- **What the task asks**:
Your task is to print all of the data below exactly, with no pictures included.

- **Record extracts**:
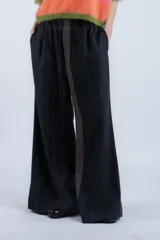 Pantalón de tiro bajo con cintura elástica y calce amplio. Su largo hasta el piso aporta una silueta relajada y actual. Confeccionado en lana, viscosa y poliéster, en color gris oscuro con rayas verticales marrones.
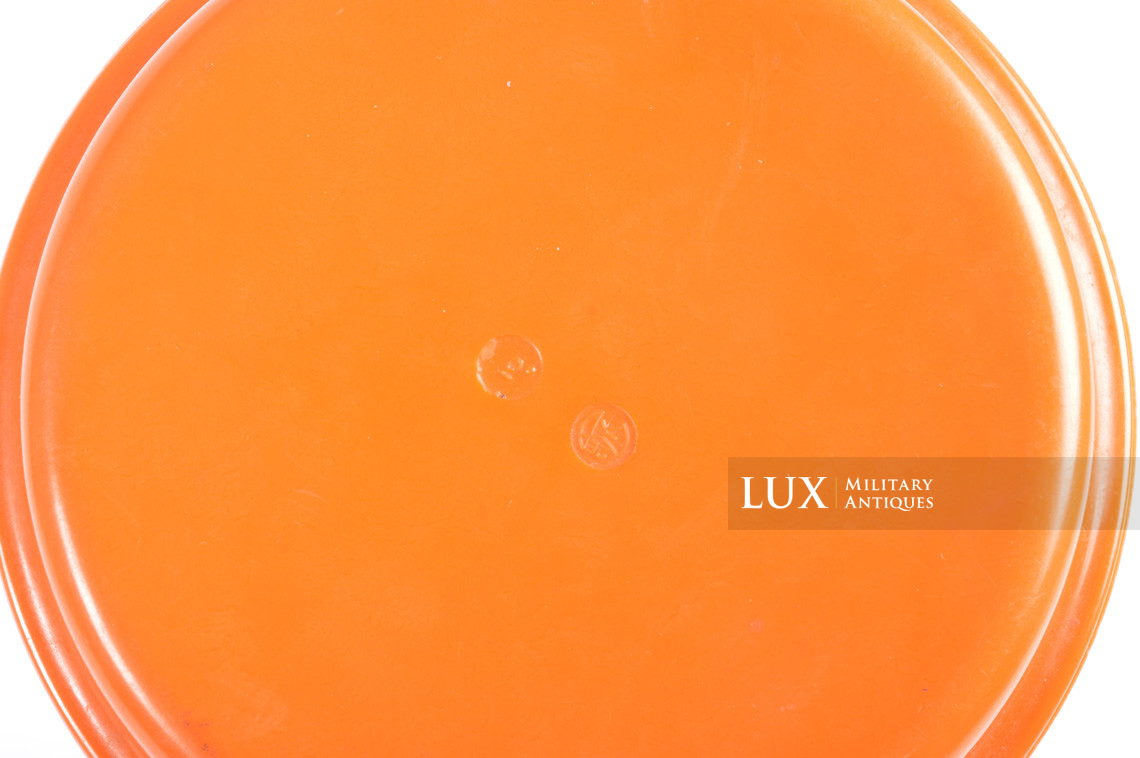 German orange bakelite butterdish - Lux Military Antiques - photo 10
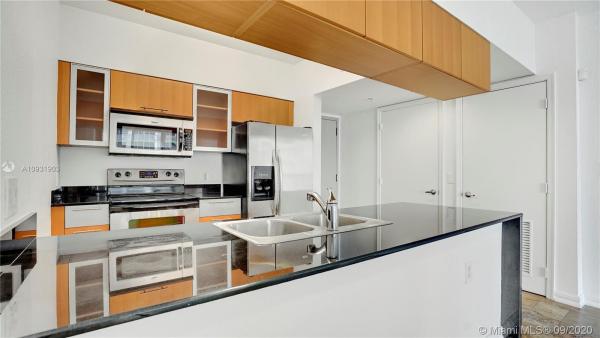 Opera Tower, 1750 N Bayshore Dr #2403, Miami, Florida 33132, image 2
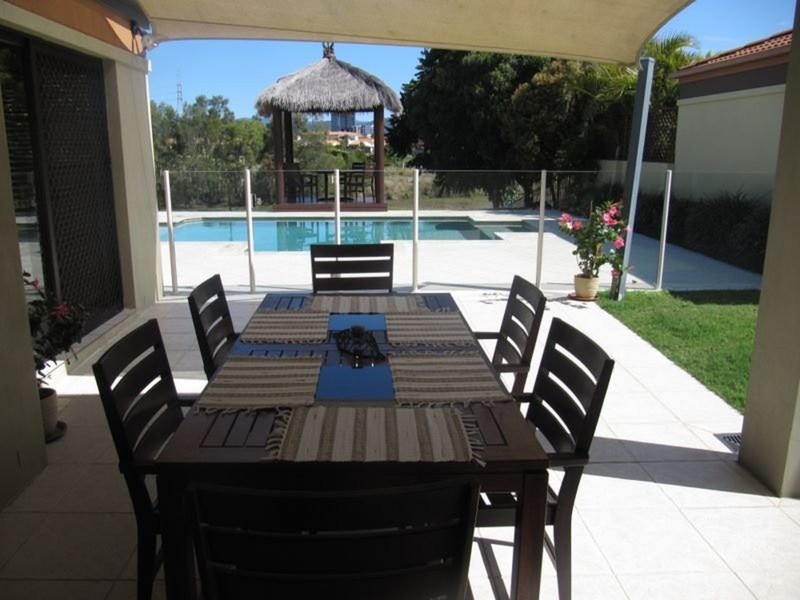 28 Peach Drive, Robina QLD 4226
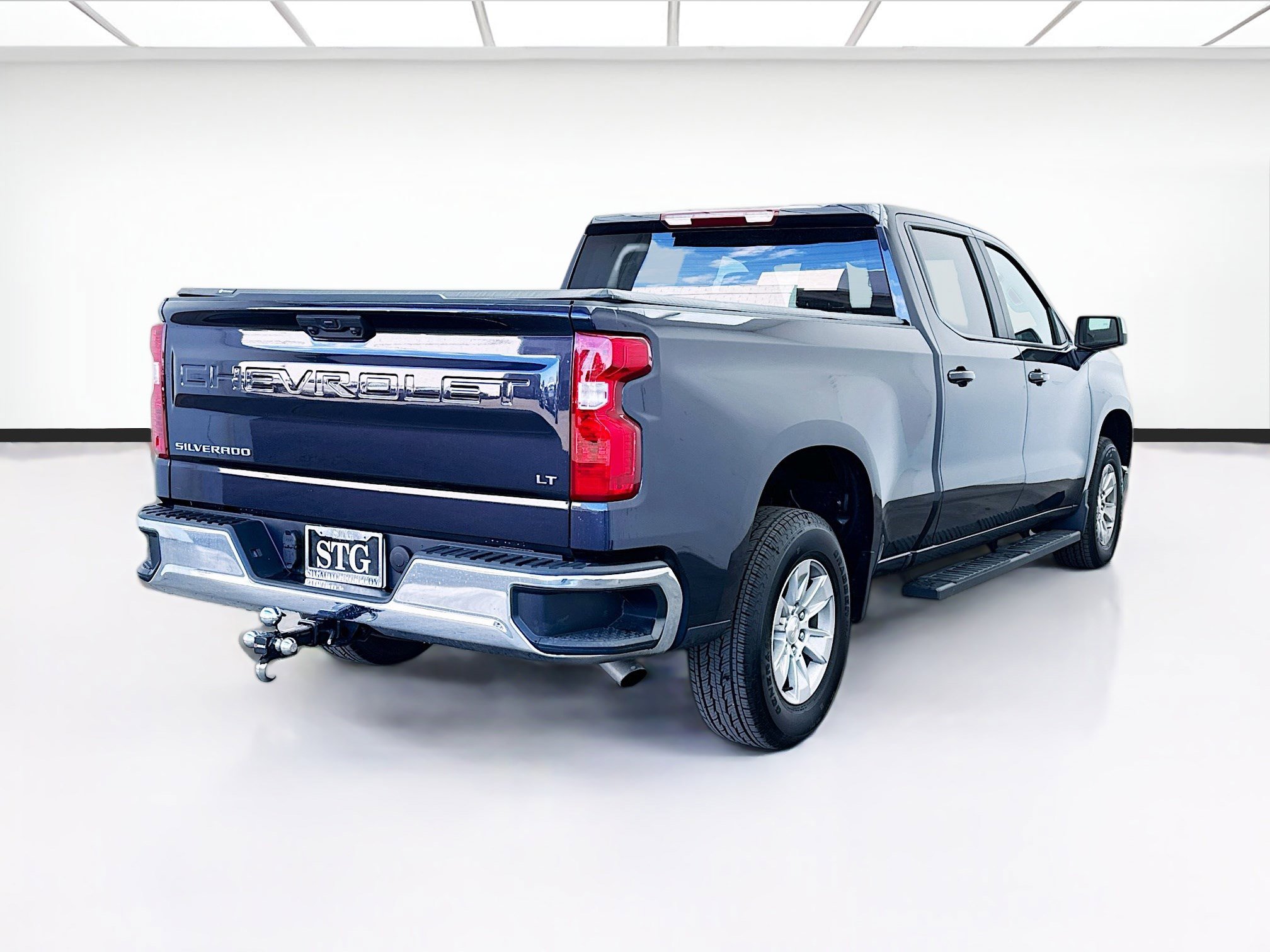Used 2024 Chevrolet Silverado 1500 LT image 4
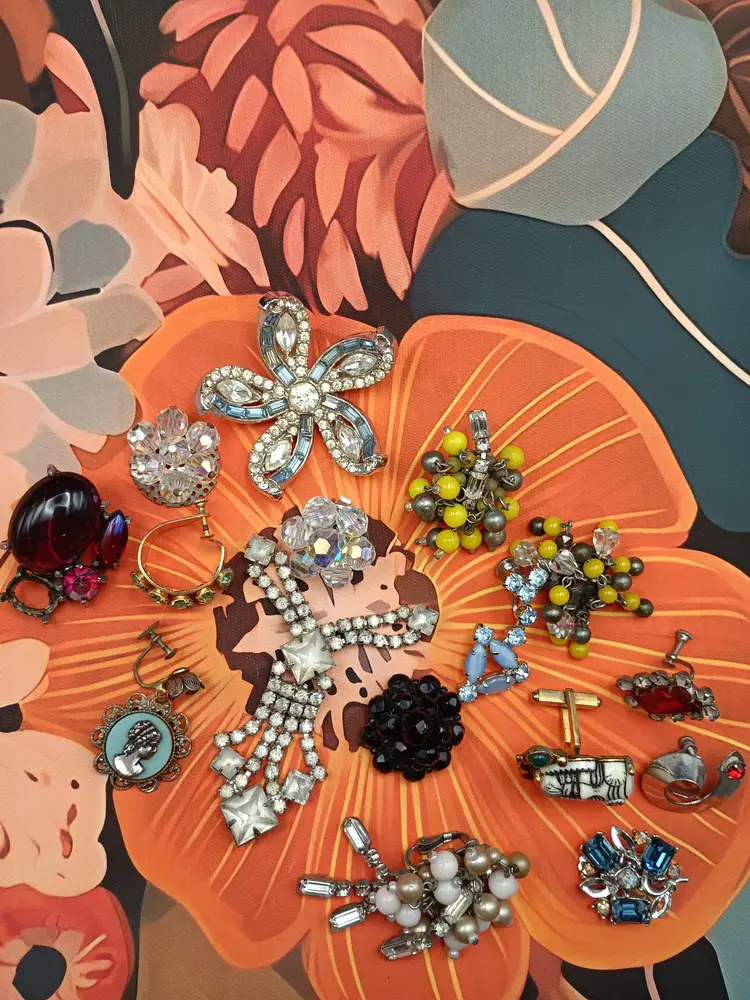 Vintage Rhinestone Jewelry Craft Lot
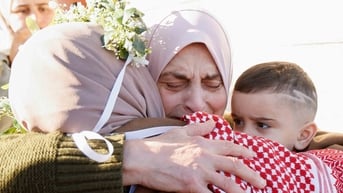 Nước mắt đoàn tụ ngày Hamas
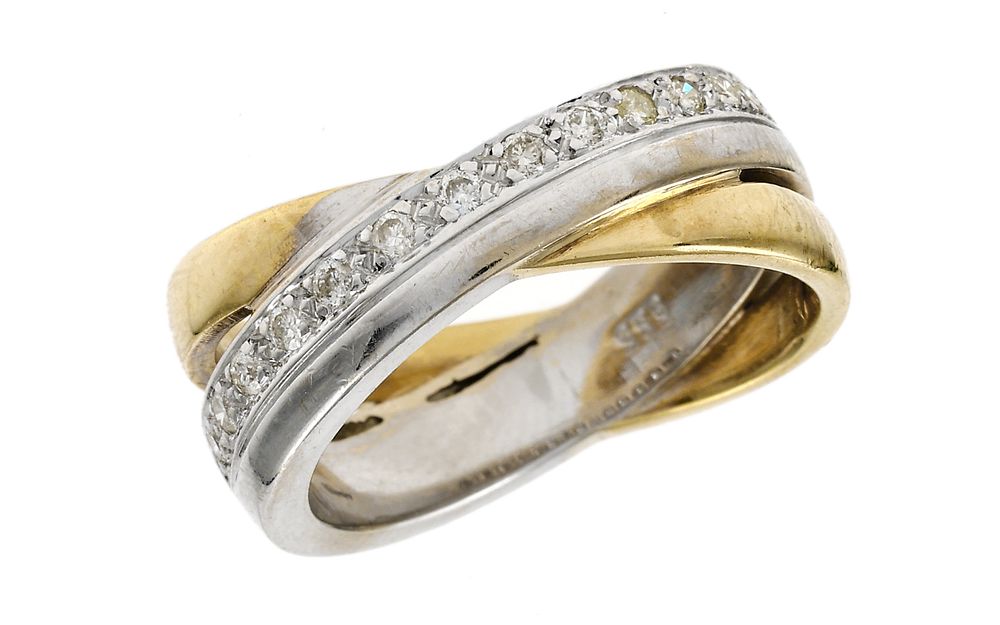 Ring 8,60g 585/- Gelbgold und Wei&szlig;gold mit 13 Diamanten zus. ca. 0,20 ct., Ringgr&ouml;&szlig;e ca. 56. Ring 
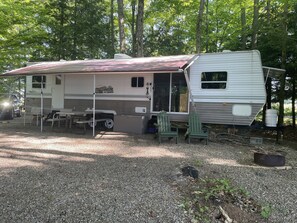 2 bedroom, 1 bath travel trailer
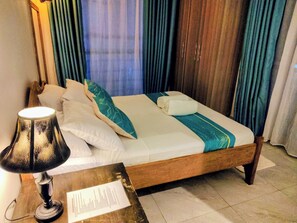 2 bedrooms, iron/ironing board, WiFi, bed sheets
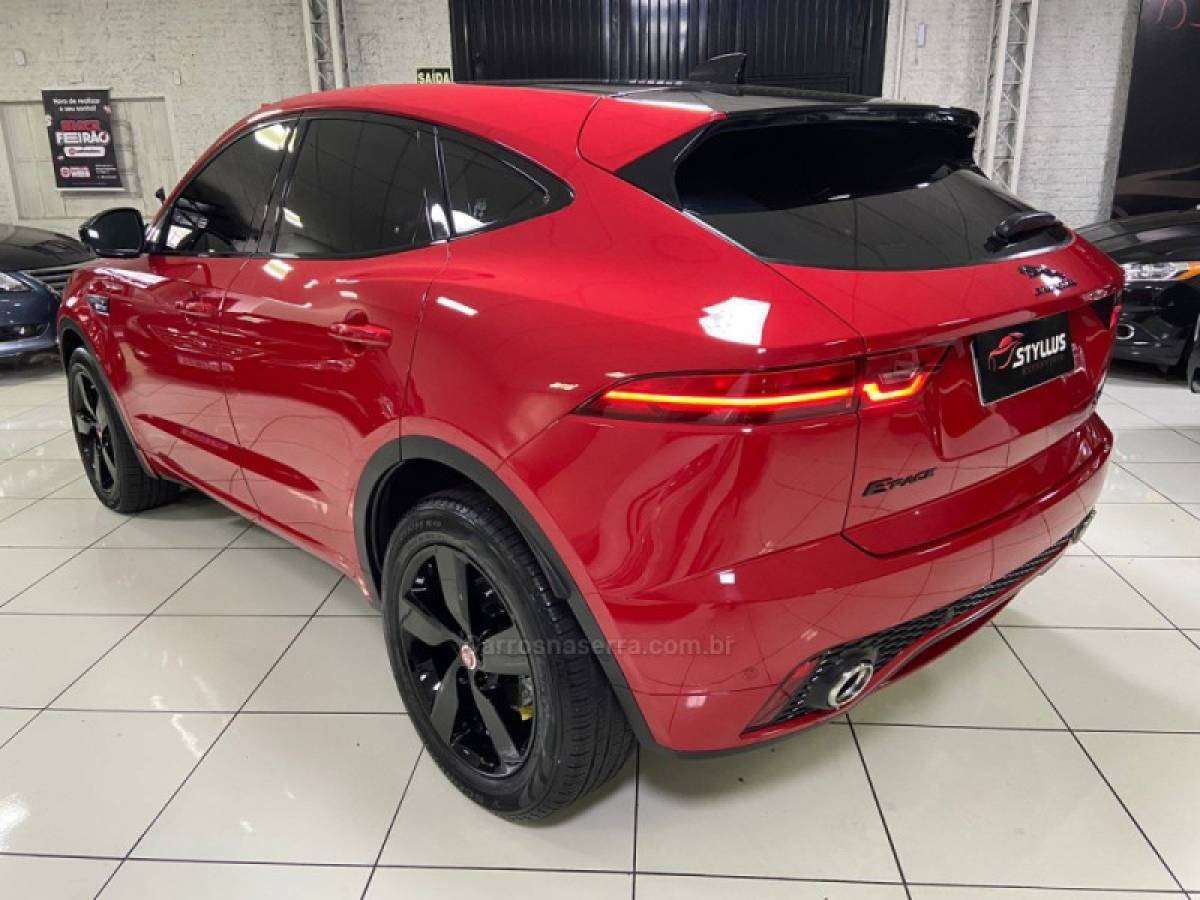 JAGUAR - E-PACE - 2018/2019 - Vermelha - R$ 209.900,00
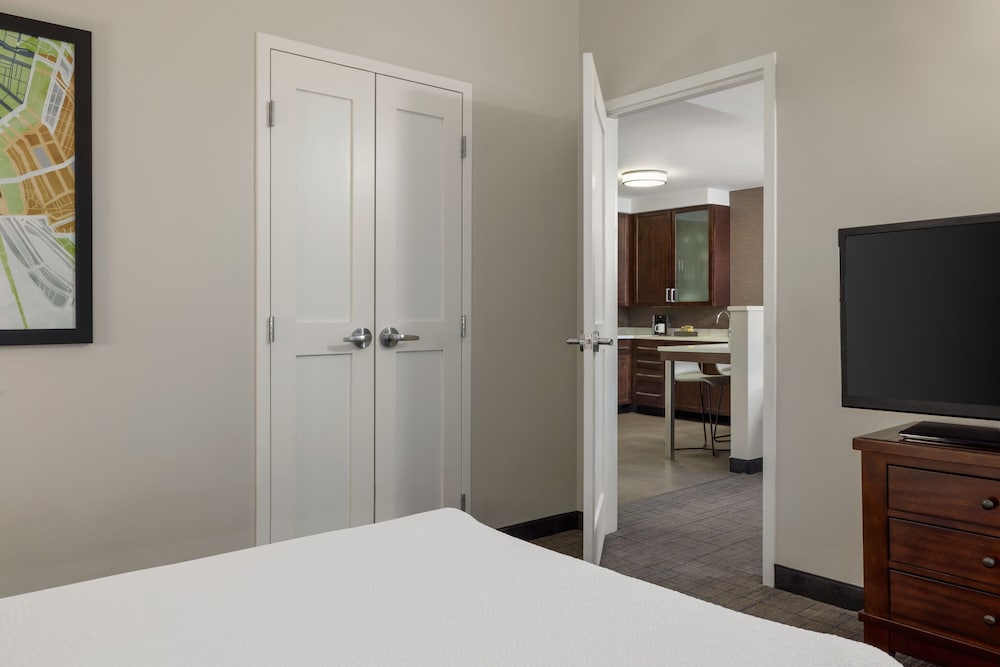 Residence Inn by Marriott Omaha Downtown Old Market Area - photo 11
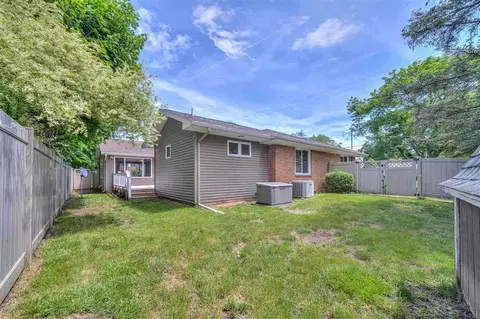 1202 W Morrell St, Jackson, MI 49203 photo 3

- **Reply to the task**:
 Pantalón de tiro bajo con cintura elástica y calce amplio. Su largo hasta el piso aporta una silueta relajada y actual. Confeccionado en lana, viscosa y poliéster, en color gris oscuro con rayas verticales marrones.
 German orange bakelite butterdish - Lux Military Antiques - photo 10
 Opera Tower, 1750 N Bayshore Dr #2403, Miami, Florida 33132, image 2
 28 Peach Drive, Robina QLD 4226
Used 2024 Chevrolet Silverado 1500 LT image 4
 Vintage Rhinestone Jewelry Craft Lot
 Nước mắt đoàn tụ ngày Hamas
 Ring 8,60g 585/- Gelbgold und Wei&szlig;gold mit 13 Diamanten zus. ca. 0,20 ct., Ringgr&ouml;&szlig;e ca. 56. Ring 
 2 bedroom, 1 bath travel trailer
 2 bedrooms, iron/ironing board, WiFi, bed sheets
 JAGUAR - E-PACE - 2018/2019 - Vermelha - R$ 209.900,00
 Residence Inn by Marriott Omaha Downtown Old Market Area - photo 11
 1202 W Morrell St, Jackson, MI 49203 photo 3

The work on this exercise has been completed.